(1) Field of the Invention
The present invention relates to acoustic line arrays and more particularly to a method of determining optimum hydrophone element spacing for a low frequency, log-periodic acoustic line array which transmits and receives over a broad range of low frequencies while retaining a beam pattern having approximately the same directional characteristics over a decade range of frequencies.
(2) Description of the Prior Art
Antennas with variable-type apertures constituted a major breakthrough in the field of wideband electromagnetic radiators primarily due to the invention of frequency independent and log-periodic structures used in both the transmit and receive modes with the object being to retain over some frequency band the same directional characteristics of the beam. Frequency independent antenna concepts have been previously applied to underwater sound systems operating in the ultrasonic frequency range.
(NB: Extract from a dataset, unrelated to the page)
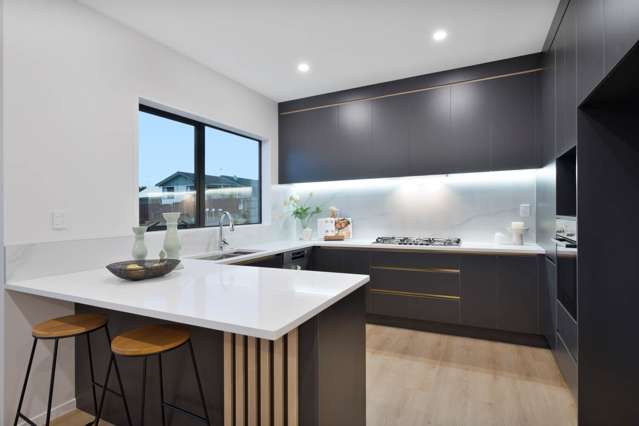 5A,5B,5C Patrice Place Massey_3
To date, however, no comparable method exists which adequately addresses element spacing for the lower end of the audio frequency range.
In one instance, Hixson and Au (E. L. Hixson and K. T. Au, University of Texas, Acoustics Research Laboratory, Technical Memorandum No. 19 of May 1, 1970) proposed a wideband constant beamwidth acoustic array utilizing quasi-logarithmic element spacing covering the 300 to 3000 Hz range. The method they used was to superimpose, on an array of given length and spacing, successive arrays of half the size and spacing while removing redundant elements to approximate a logarithmic element arrangement. A method predicting exact element location does not exist at the present time.
For a constant aperture the beamwidth and associated directivity index of an acoustic transducer varies with frequency and this is also true for transducer arrays. This effect limits the performance of wideband acoustic systems because a change or loss of directivity over the intended operational frequency will adversely affect detection capabilities. Uniformly spaced linear arrays are subject to these limitations (i.e., they are basically narrow band devices). Recent advances in transducer array design have utilized several shading techniques to reduce side lobe levels for optimum main beam characteristics. However, the problem of optimizing the broadband qualities of a low frequency omnidirectional transducer has not been fully addressed to date.
The present invention describes a method which shows how the log-periodic approach can be extended to the low end of the audio frequency regime (20 to 3000 Hz) in the design of acoustic line arrays to yield quasi-constant directionality over frequencies in excess of one decade for Broadside as well as End-Fire Arrays. Exact element location is predicted by criteria derived from the design of log-periodic dipole antennas. It should be noted that although this specification discloses the retention of acceptable dipole and cardioid patterns in selected bandwidths, the method can be applied to any array size and frequency range as long as the physical spacing of the elements remains feasible.